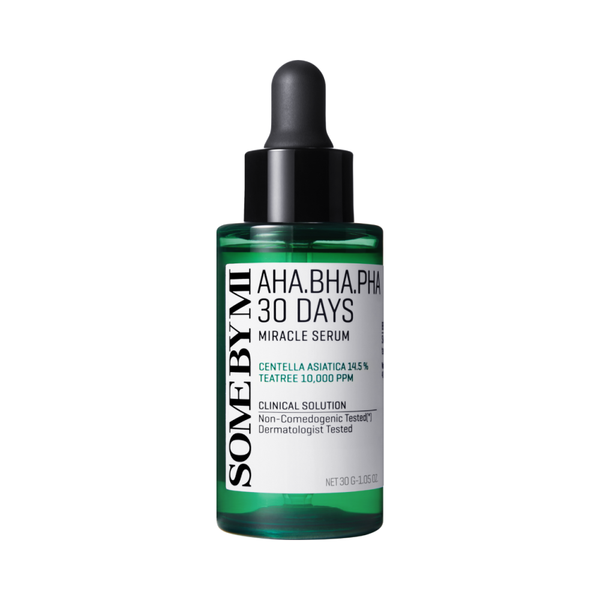 AHA BHA PHA Care Serum Exfoliating Tea Tree Extract Some By Mi 50ml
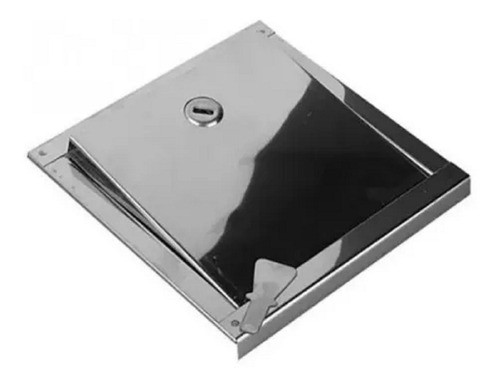 Puerta Llave De Paso Agua 20x20 Cm Acero Inoxidable 0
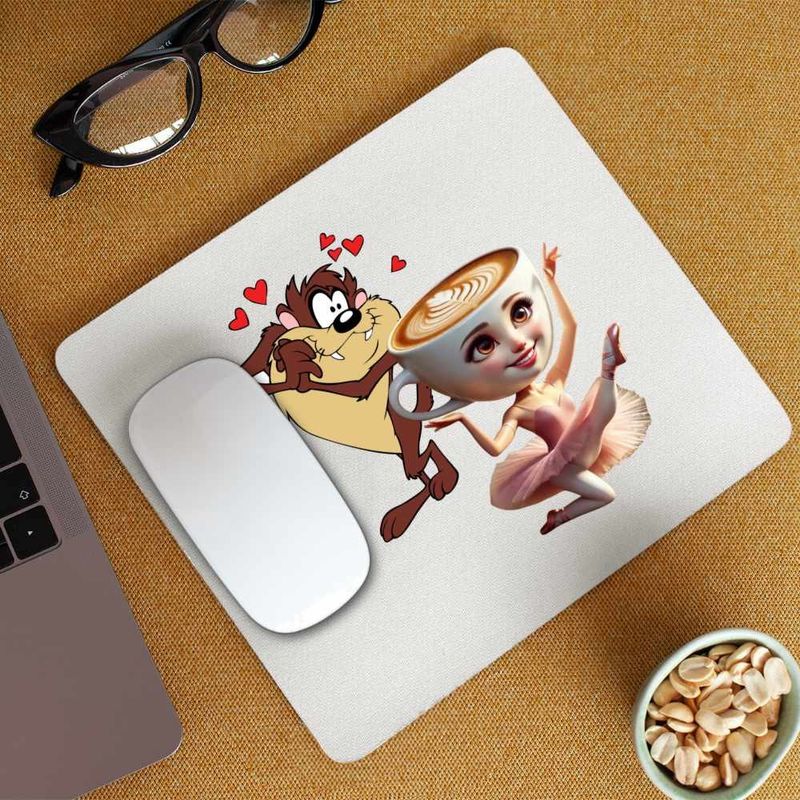 PC, gaming si accesorii - Periferice PC - Mousepad - Mousepad Taz Balerina Capucina Italian Brainrot, CoolTrend, 21x19cm - Infinity.ro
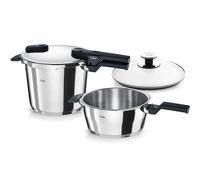 Ensemble autocuiseur Fissler 4 pièces Vitaquick 6 + 3 5 L Made in Germany top...
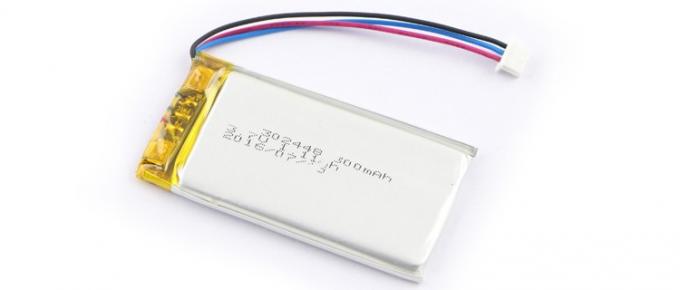 302448 3.7 V 300mah 리튬 폴리머 충전식 배터리 블루투스 헤드폰 배터리 0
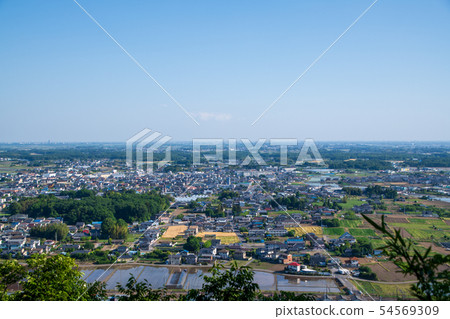 來自Koshoji寺的Iwafuneyama Iwaki-cho，Tochigi City Panorama 54569309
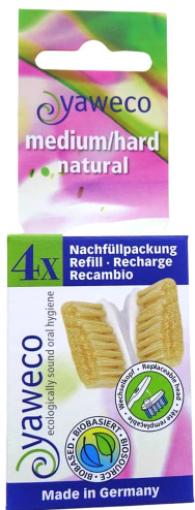 higiene bucal RECAMBIO CEPILLO NATURAL MEDIO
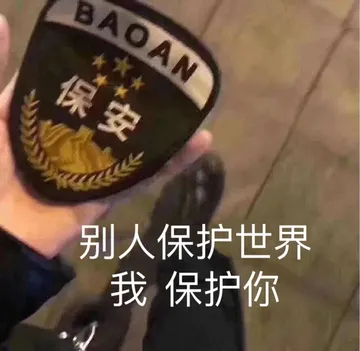 别人保护世界 我保护你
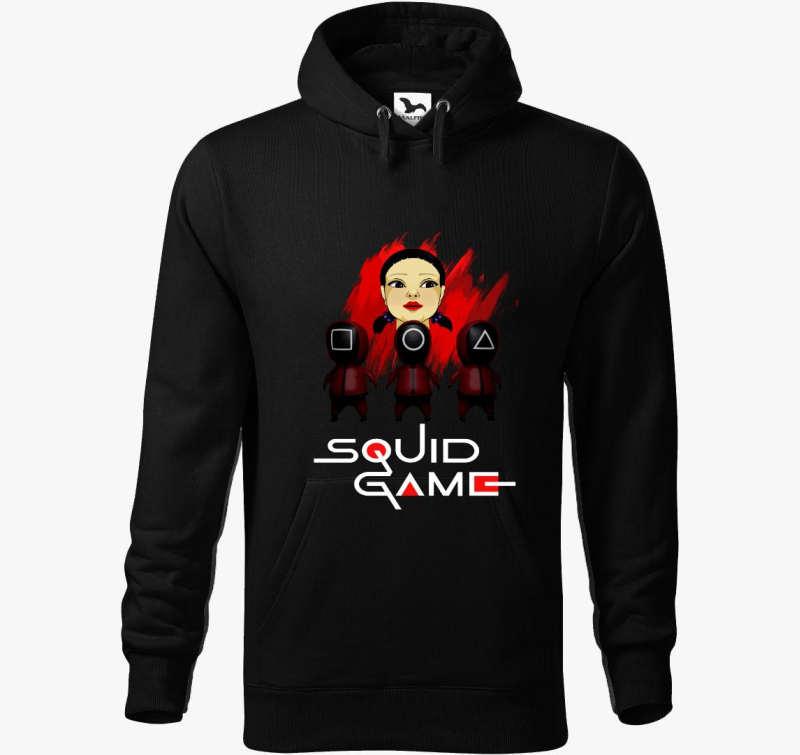 Squid Game poster style kapucnis pulóver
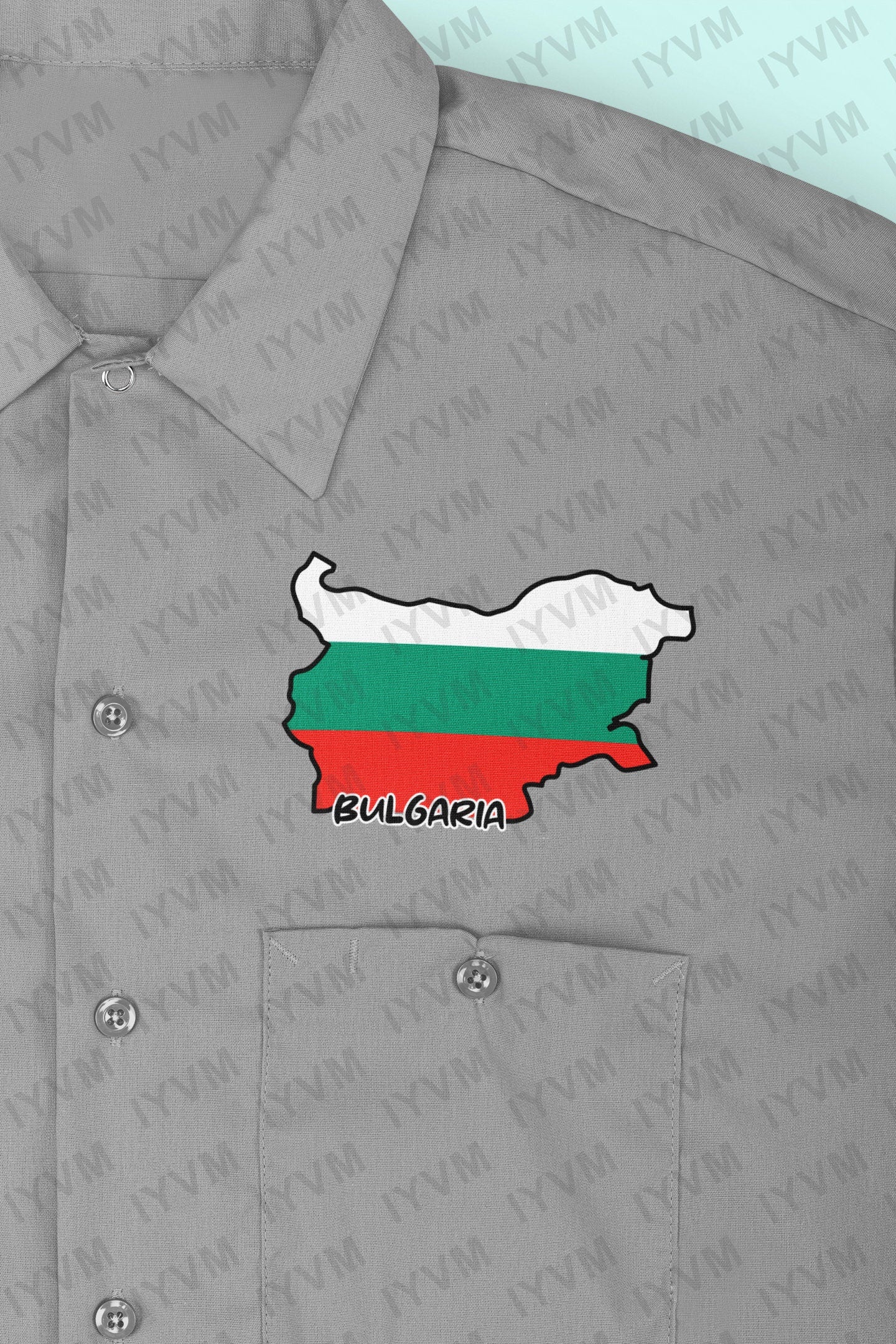 Bulgaria Map Iron On Heat Transfer Vinyl HTV / Sofia / Republic of Bulgaria / Съединението прави силата / Bulgarian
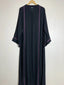 Black - Mauve Pipen Majesty Abaya HJ0850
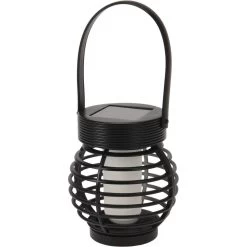 Merkloos Trendoz Lantaarn - Solar - LED - Zwart - 11 Cm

§ Exercise instructions:
Every line of the listing must be reproduced exactly, though the pictures are to be left out.

§ Response to this task:
 AHA BHA PHA Care Serum Exfoliating Tea Tree Extract Some By Mi 50ml
 Puerta Llave De Paso Agua 20x20 Cm Acero Inoxidable 0
 PC, gaming si accesorii - Periferice PC - Mousepad - Mousepad Taz Balerina Capucina Italian Brainrot, CoolTrend, 21x19cm - Infinity.ro
 Ensemble autocuiseur Fissler 4 pièces Vitaquick 6 + 3 5 L Made in Germany top...
 302448 3.7 V 300mah 리튬 폴리머 충전식 배터리 블루투스 헤드폰 배터리 0
 來自Koshoji寺的Iwafuneyama Iwaki-cho，Tochigi City Panorama 54569309
 higiene bucal RECAMBIO CEPILLO NATURAL MEDIO
 别人保护世界 我保护你
 Squid Game poster style kapucnis pulóver
 Bulgaria Map Iron On Heat Transfer Vinyl HTV / Sofia / Republic of Bulgaria / Съединението прави силата / Bulgarian
 Black - Mauve Pipen Majesty Abaya HJ0850
 Merkloos Trendoz Lantaarn - Solar - LED - Zwart - 11 Cm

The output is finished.